Please copy exactly the line that contains "2020 Hyundai Kona SEL photo 3" and every line after it through the end of the records, leaving the pictures out.

[Captioned web image data]
────────────────

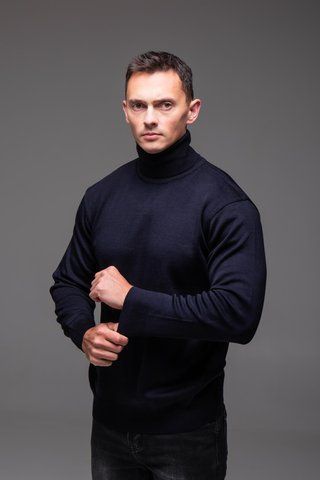 Гольф чоловічий в'язаний з високою горловиною на відворот, темно-синій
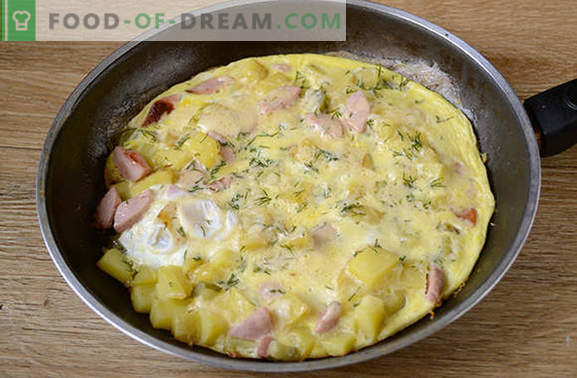 Kokt potatis med ett ägg i en panna - en närande maträtt av 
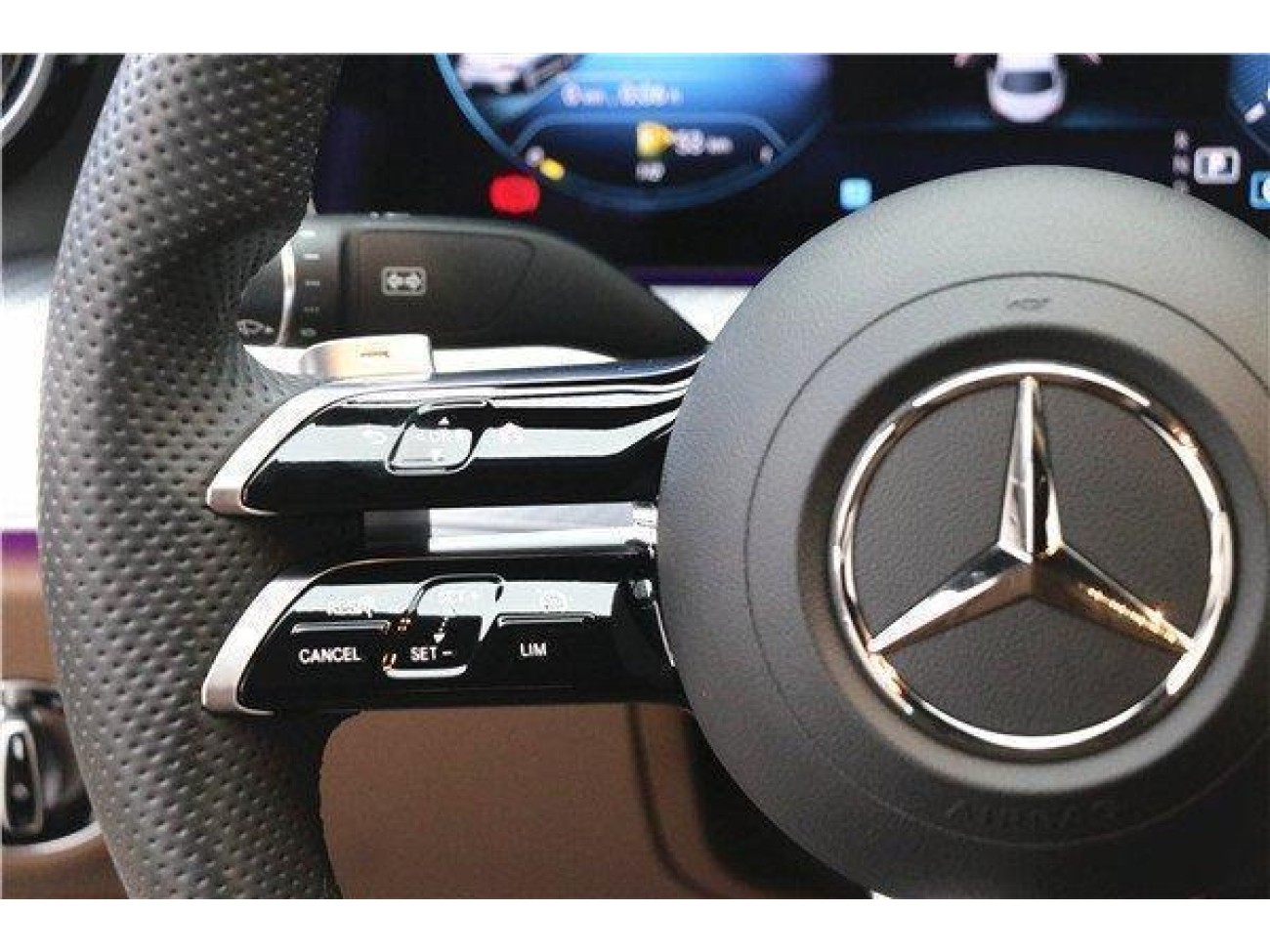 Mercedes-Benz E 300 L 2022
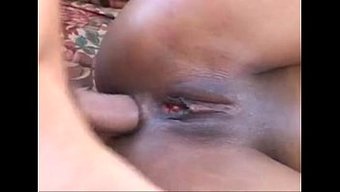 Genç (18+) Siyah Bir Erkek Tarafından Anal Olarak Beceriliyor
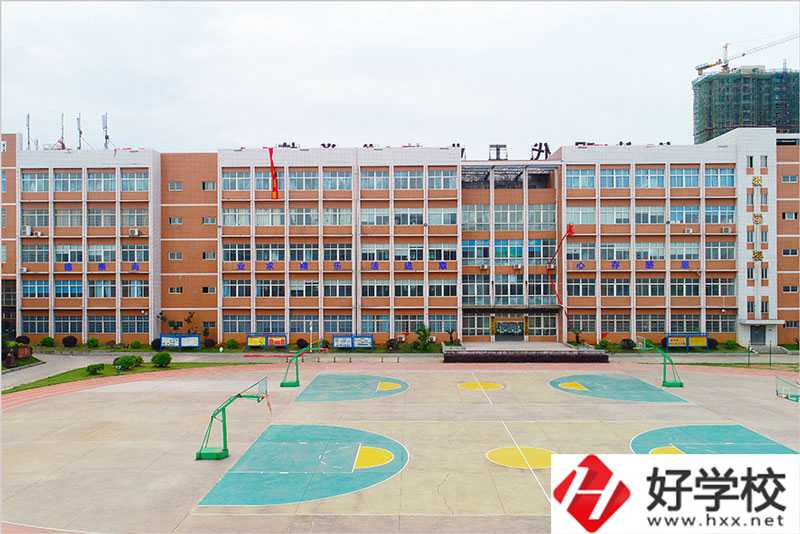 初中畢業(yè)讀湖南健康學校怎么樣？有哪些專業(yè)？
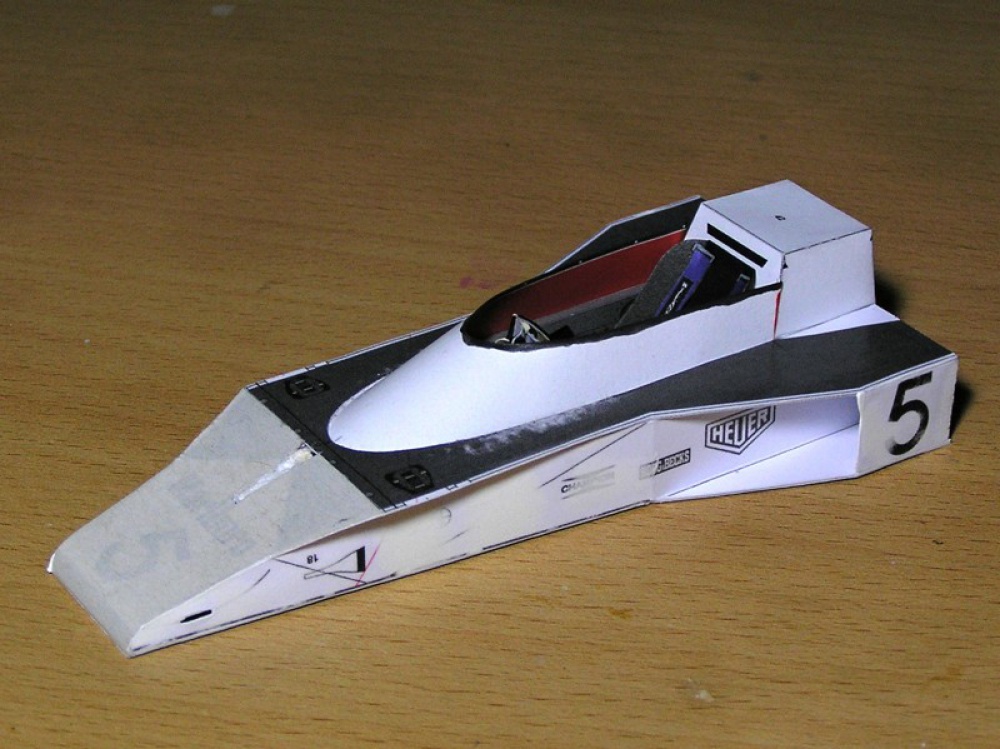 273943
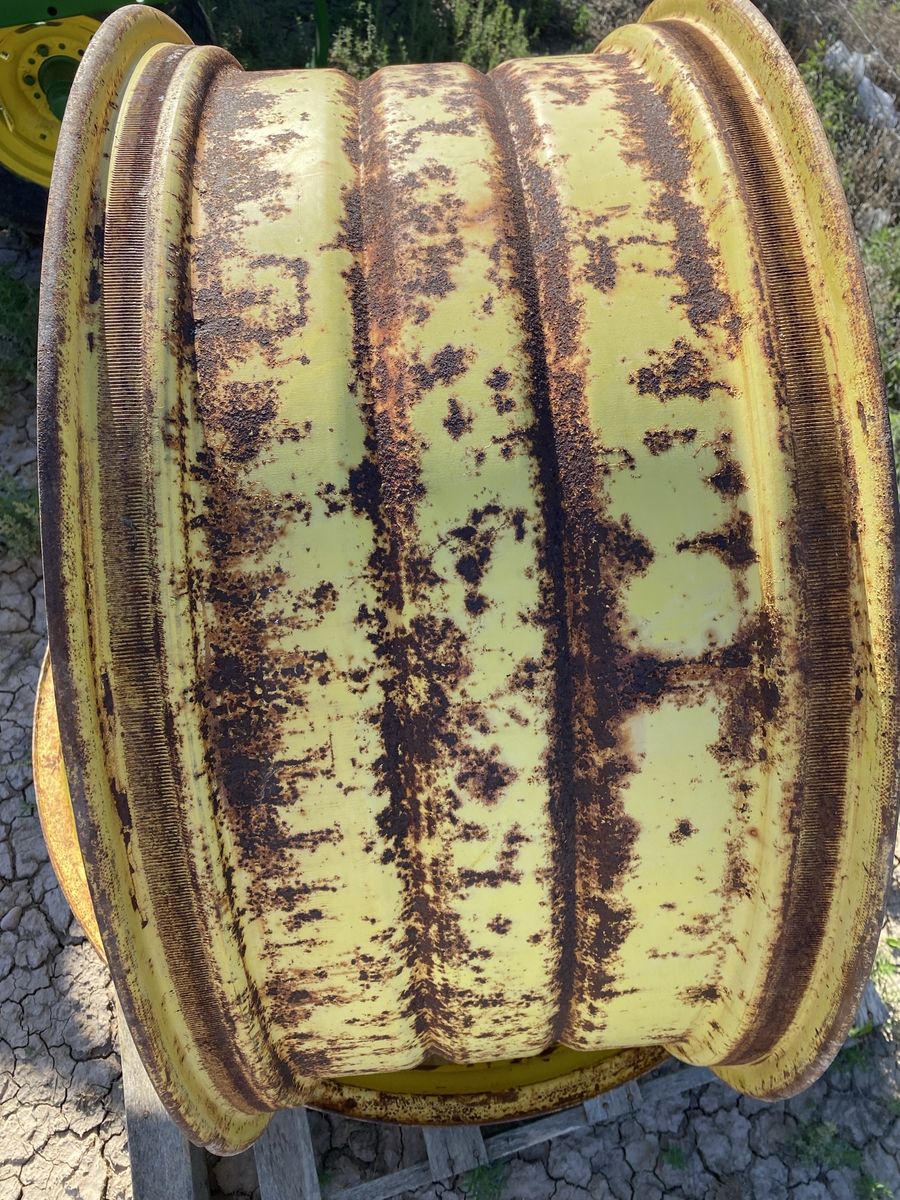 Main image 2
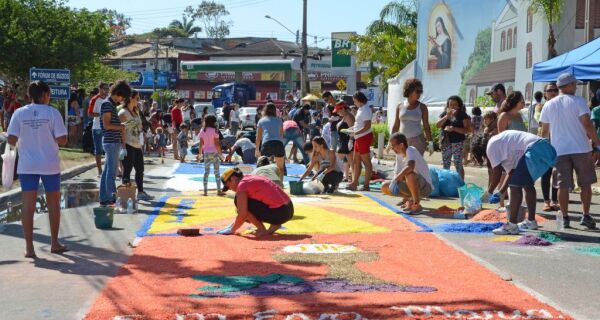 Tapete de sal e procissão marcam solenidade de Corpus Christi em Búzios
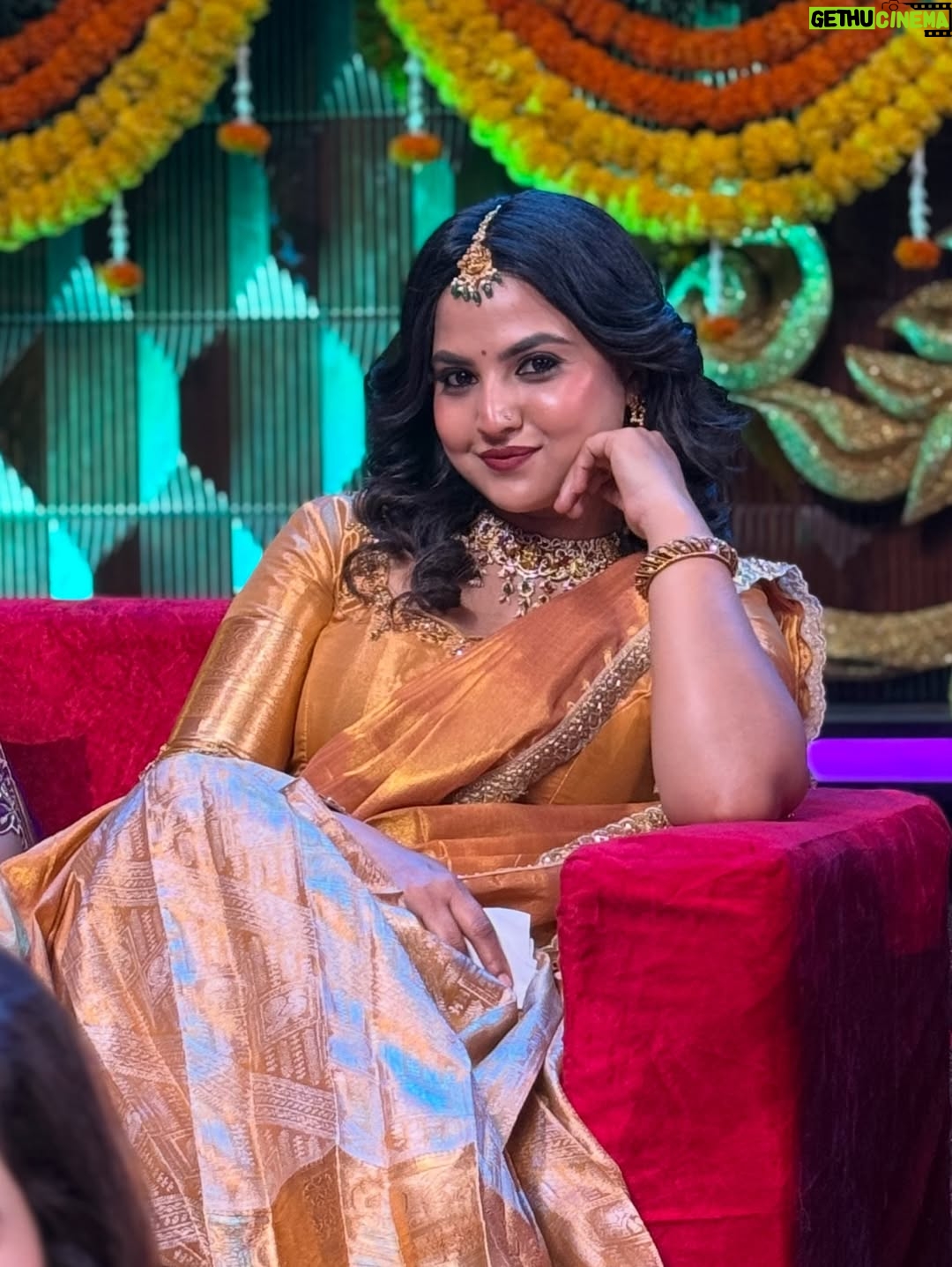 Thanviya Naik - 5.4K Likes - In soft feminine Era🌸

#thanvibalraj 
#instagood 
#instagram 
#artist 
#kannadathi
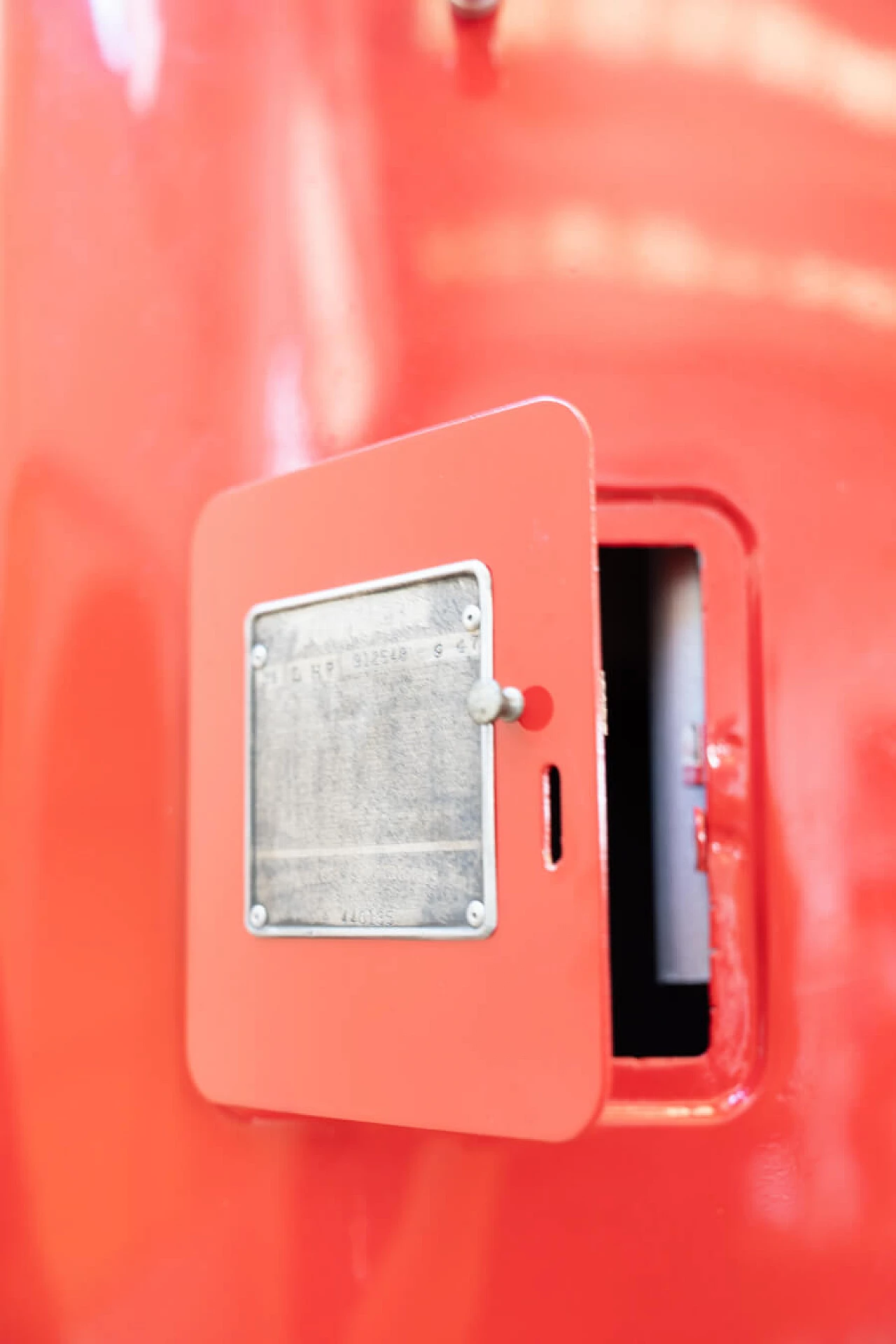 Shell petrol dispenser, 1950s 16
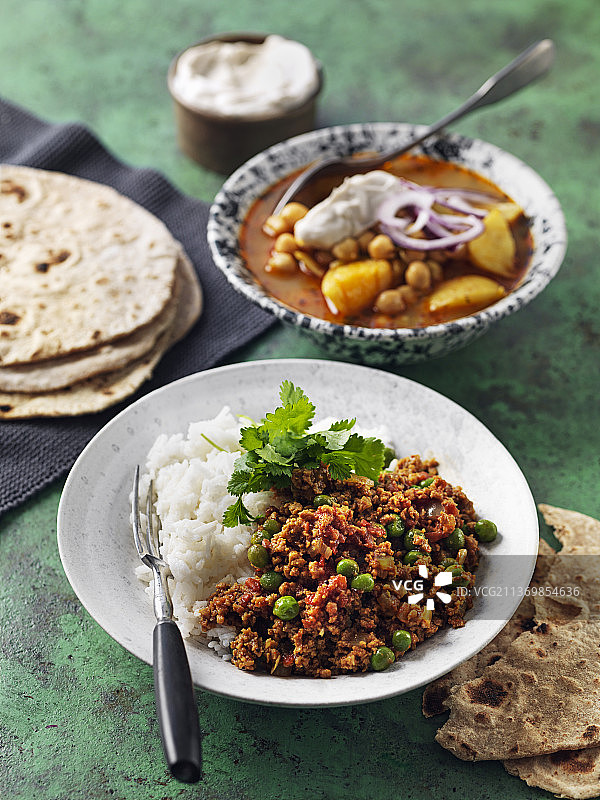 面包，豌豆、米饭和香菜炖菜，鹰嘴豆、土豆、洋葱、酸奶炖菜图片素材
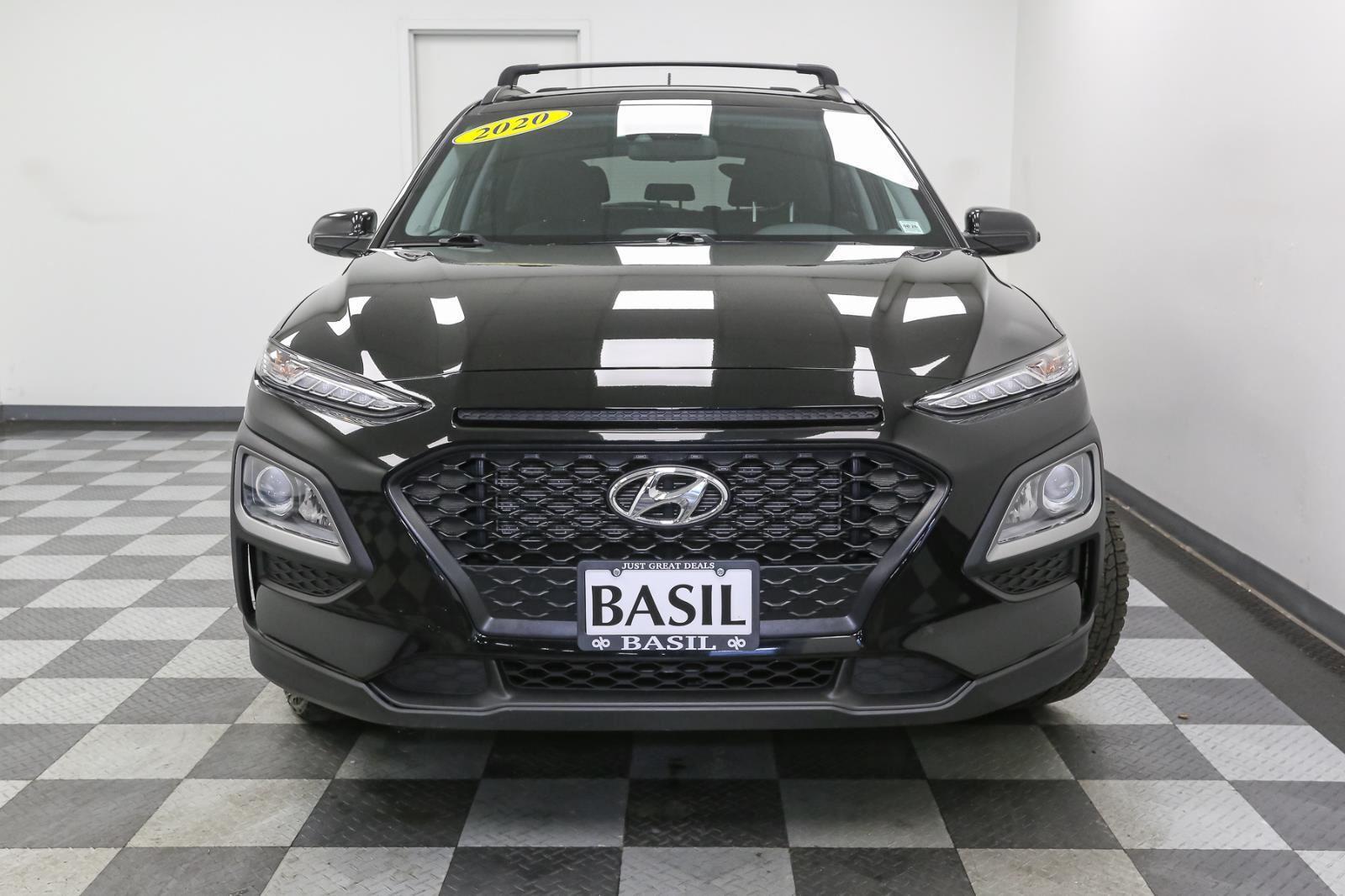2020 Hyundai Kona SEL photo 3
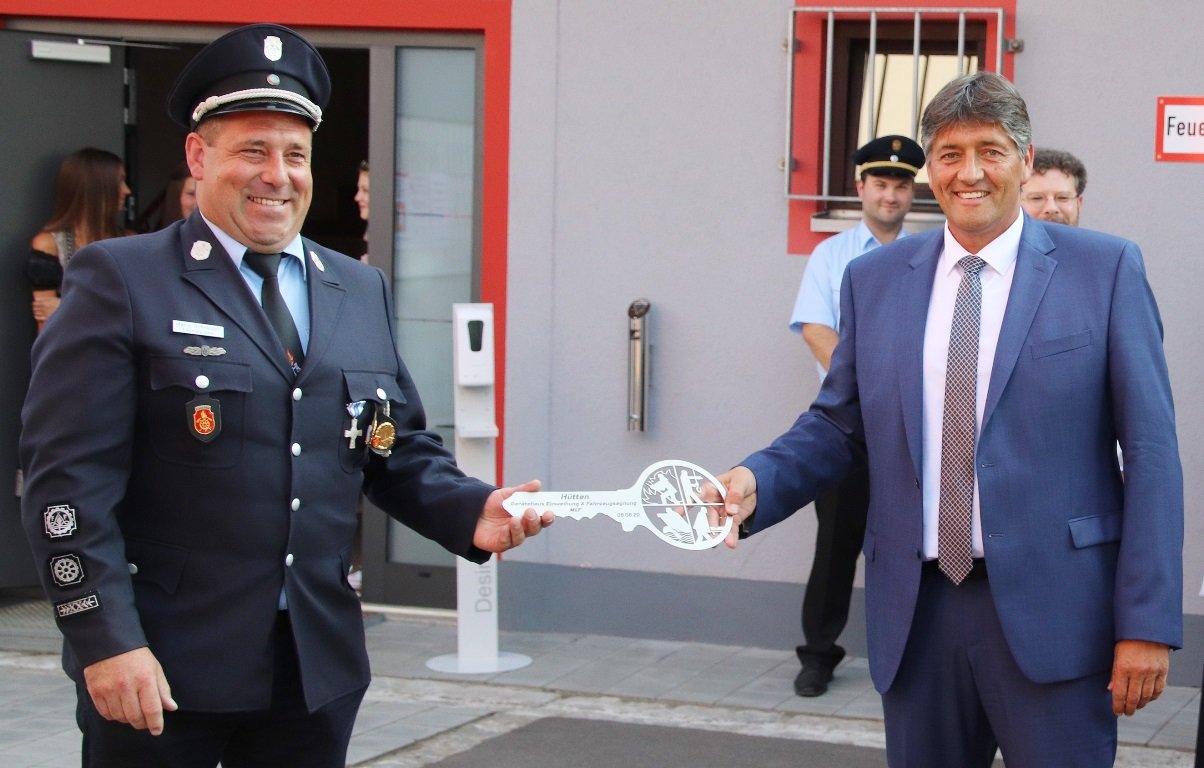 Feuerwehr Hütten Neues Fahrzeug Neues Feuerwehrgerätehaus 1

────────────────

RESULT FOR THIS EXERCISE:
2020 Hyundai Kona SEL photo 3
 Feuerwehr Hütten Neues Fahrzeug Neues Feuerwehrgerätehaus 1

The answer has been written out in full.